PEDs Remain Major Problem for MLB


Marlins second baseman Dee Gordon was suspended for 80 games last week.

By Matthew Michaels 

Marlins second baseman Dee Gordon was suspended for 80 games last week. (Courtesy of Wikimedia)
Marlins second baseman Dee Gordon was suspended for 80 games last week. (Courtesy of Wikimedia)

The Steroid Era in baseball is over. Mark McGwire and Barry Bonds are Major League hitting coaches. Alex Rodriguez is 40 years old and a redeemed happy-go-lucky designated hitter. Done. We can move on now.

That was the prevailing thought as the problem of performance enhancing drugs (PEDs) gave way to instant replay and fan and player safety. The assumption that the PEDs issue is no longer relevant was challenged this off­season when Mets’ pitcher Jenrry Mejia received the first lifetime ban for violation of the league’s drug policy, and the assumption was obliterated last week when two big leaguers received 80-game suspensions.

The commissioner handed down a suspension to Chris Colabello on April 22 for a drug test he failed on March 13. The Blue Jays first baseman had been struggling at the plate, going two-for-29 this season after a career best year in 2015.

Dee Gordon, the Marlins second baseman who won the batting title and stolen base crown in 2015, is a slim speedster who rarely hits the ball over the fence. The popular Gordon looks like one of the last major leaguers who would be suspected of juicing, but on April 29, he earned a suspension.

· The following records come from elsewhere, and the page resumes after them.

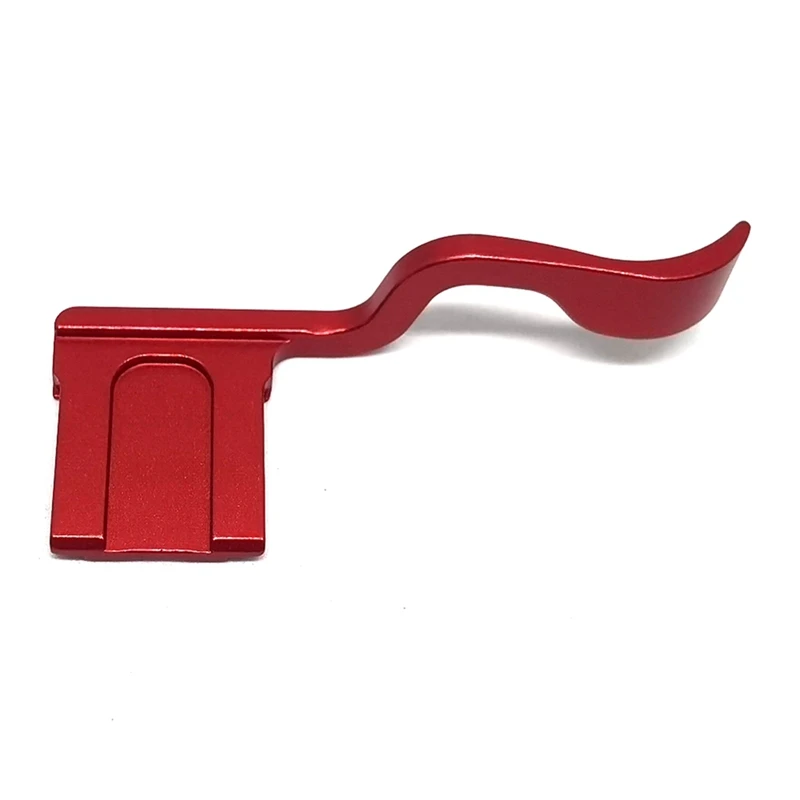 Copriscarpe Caldo In Alluminio Thumb-Up Hotshoe Thumb Grip Per Fotocamera Fujifilm X-T30 (Per Fuji Xt-10 Xt20 Xt3 Xt2)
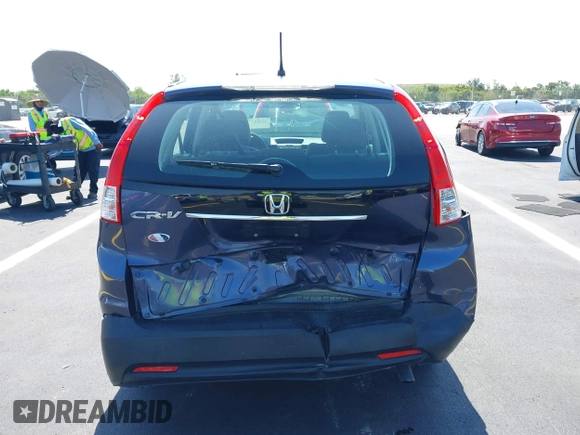 2013 Honda CR-V LX with VIN 3CZRM3H33DG710503, listed as a IAAI auction lot 42281775 with 55,944 mi miles and . Bid and sale history available at DreamBid. Image 6.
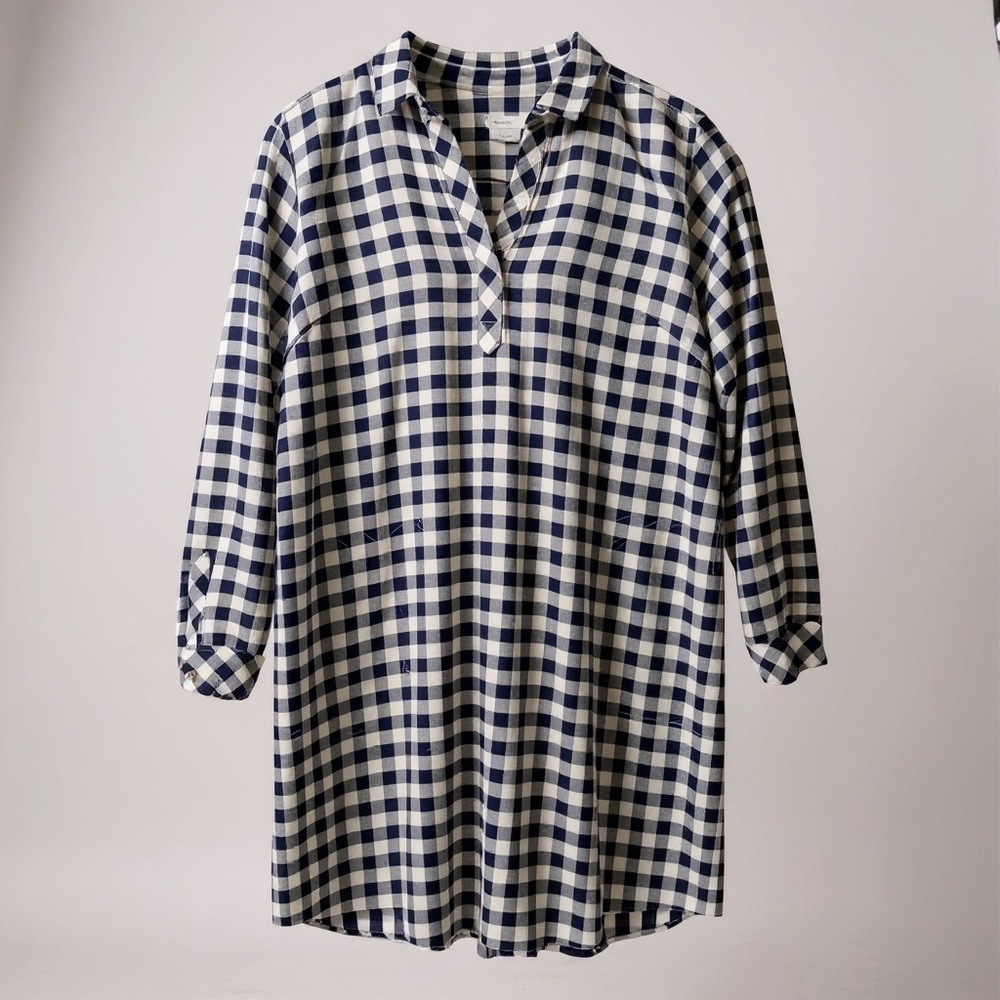 J. Jill Women’s‎ Plaid Dress with Pockets Size S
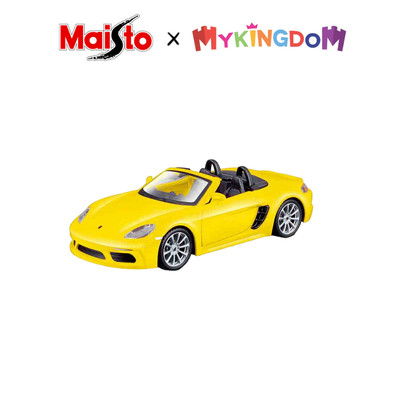 Đồ Chơi Mô Hình Xe Hơi Trớn Porsche 718 Boxster MAISTO 18876/MT21001 - Giao hàng ngẫu nhiên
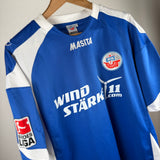 Hansa Rostock 2009/10 Heimtrikot – Kern #9 + Bundesliga-Patch (XL)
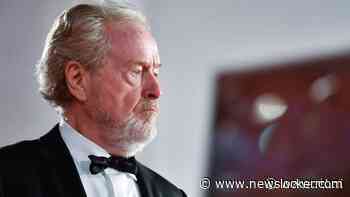 Ridley Scott (86) wil nooit stoppen met films maken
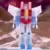 ReAction Figures - Transformers - Ghost of Starscream (Translucent Glitter)
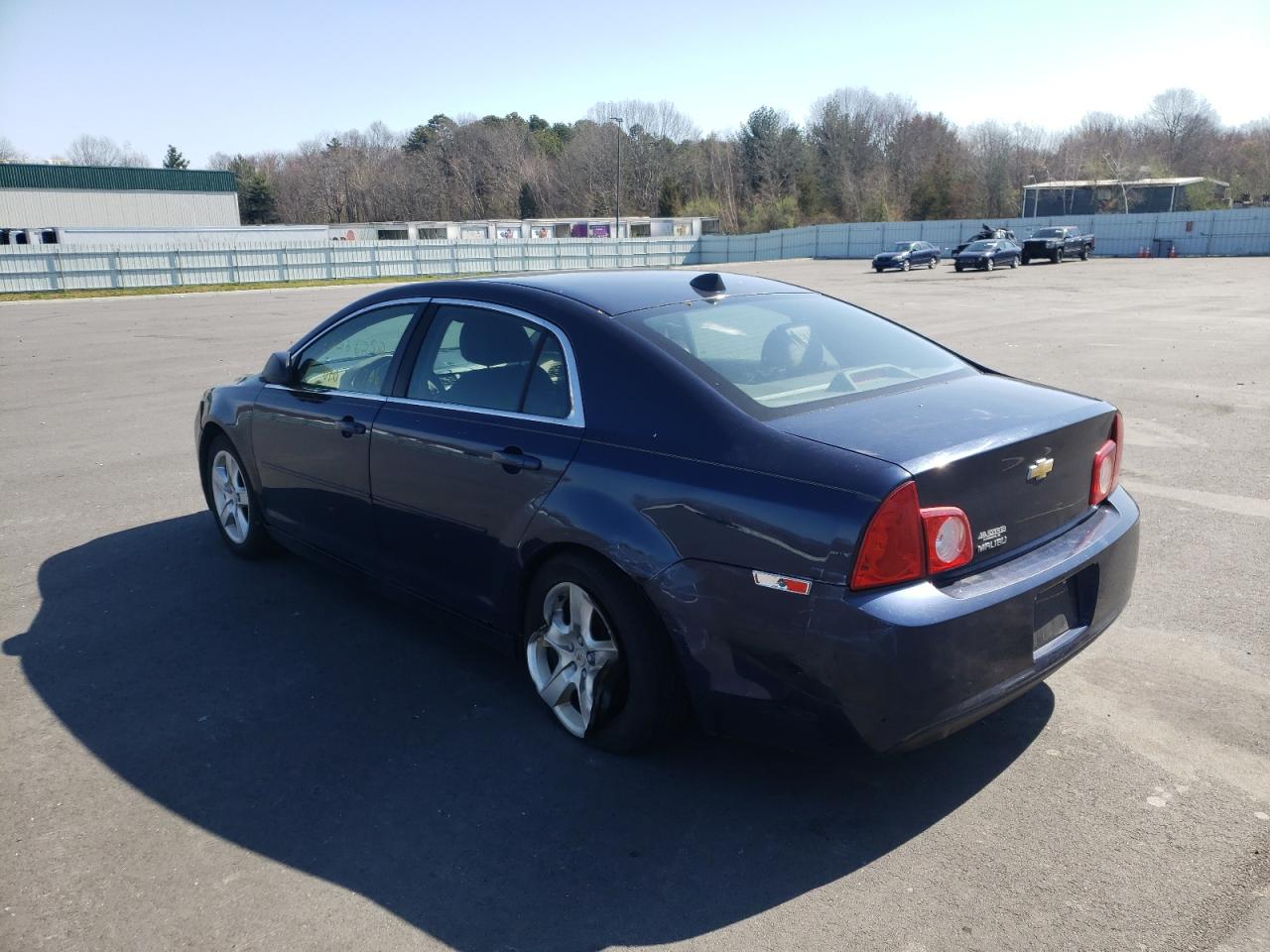 Photo 3 from auction – 2012 CHEVROLET MALIBU LS with VIN 1G1ZB5E0XCF226970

These suspensions reveal that the drug testing system is, to some degree, working. However, it has become clear that baseball still has a problem with PEDs. If three players tested positive in such a short time (one of whom failed three tests in a year), it begs the question: How many players are getting past the testing?

The worst way to handle this situation is to sweep it under the rug. The media should put pressure on the players, and the league and its clubs should ensure that all testing is accurate and following protocols. If more suspensions are doled out, MLB will have to take a long, hard look at its drug program and its policies to make sure it is working.

Nobody is naive enough to think that Colabello and Gordon are the only players who have resorted to performance enhancers. The drug problem in major league clubhouses is nowhere near as prevalent as it was in the midst of the Steroid Era. However, if players are still being suspended, the issue is still alive.

Baseball is not the only sport facing PED suspensions. The other major professional sports have been more lax, but drug use is still raising red flags. Tennis star Maria Sharapova lost numerous endorsement deals after a positive test in March. Yet, drugs in baseball are particularly damaging thanks to the integrity of the game argument and the history of perceived physical purity.

The suspensions of Gordon and Colabello are a sad sight for baseball fans. “Flash” Gordon is one of the most exciting players and his presence will be missed in Miami. The Toronto Blue Jays consider themselves World Series contenders, but they will be without an important platoon bat in the lineup. Both players will be out of commission until after the All­-Star Break. More important than two players being suspended is the fact that we have not moved on from PED scandals. We must keep in mind that drug use is still occurring in baseball and we should watch to see any future reactions to these positive drug tests.